Did you, like Londonist, stumble bleary-eyed to your local bus/tube stop this morning only to find that the 'correct change' you had fished out of whatever was left of your Christmas fund just wasn't enough?
That's because, as of Sunday, the price of a bus fare went up from £1 to £1.20, and a peak-time zones one and two day travel card soared up 70p to £6.
If you were sufficiently aggreived by this above-inflation jacking up then you might be glad to know that at 6:15 tonight the Commuter Voice protest group are staging a "a peaceful gathering of like-minded people who wish to have their thoughts and feelings noted," at Charing Cross Station.
May Day protestors eat your heart out.
In related news, the Guardian ran an article yesterday on London's bus network, which contained some (arguably) interesting facts:
- There are fourteen bus routes which coincide in Enfield's key shopping street, they carry 74,000 passengers every weekday.
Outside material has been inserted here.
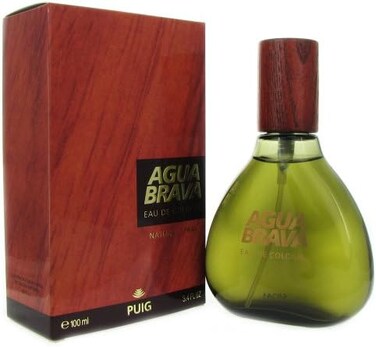 Puig Agua Brava Eau de Cologne Spray for Men, 3.4 Ounce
- Every weekday in London, 6,500 scheduled buses carry six million people on 700 different routes.
- The government's annual subsidy to buses in London is scheduled to hit £1bn by 2008.
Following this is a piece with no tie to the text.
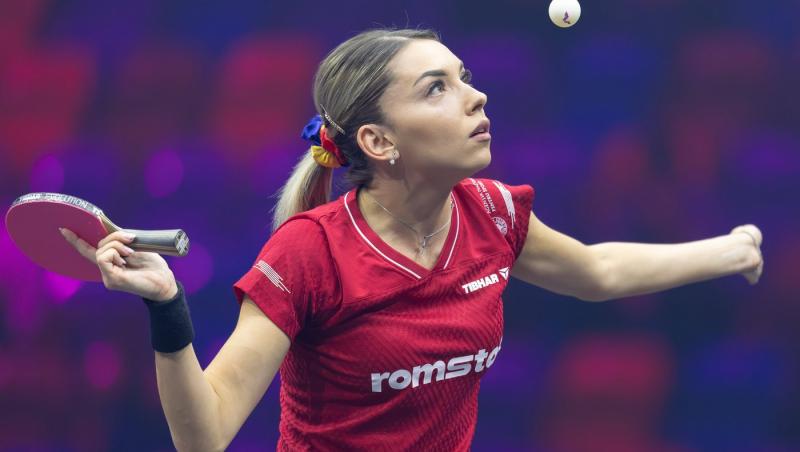 Bernadette Szocs s-a calificat în semifinale la WTT Finals Fukuoka. Competiția a fost LIVE în AntenaPLAY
- Buses have an 'image problem'. A new light-rail scheme typically persuades 20% of car commuters to leave their vehicles at home. A new bus route attracts only 5%.
There's also evidence of the mysterious 'passenger blindness' that seems to afflict some London bus drivers in this quote from graduate Beverley Goodchild: "I'd definitely say they've improved, but some of them don't stop. The drivers see you but just speed straight past."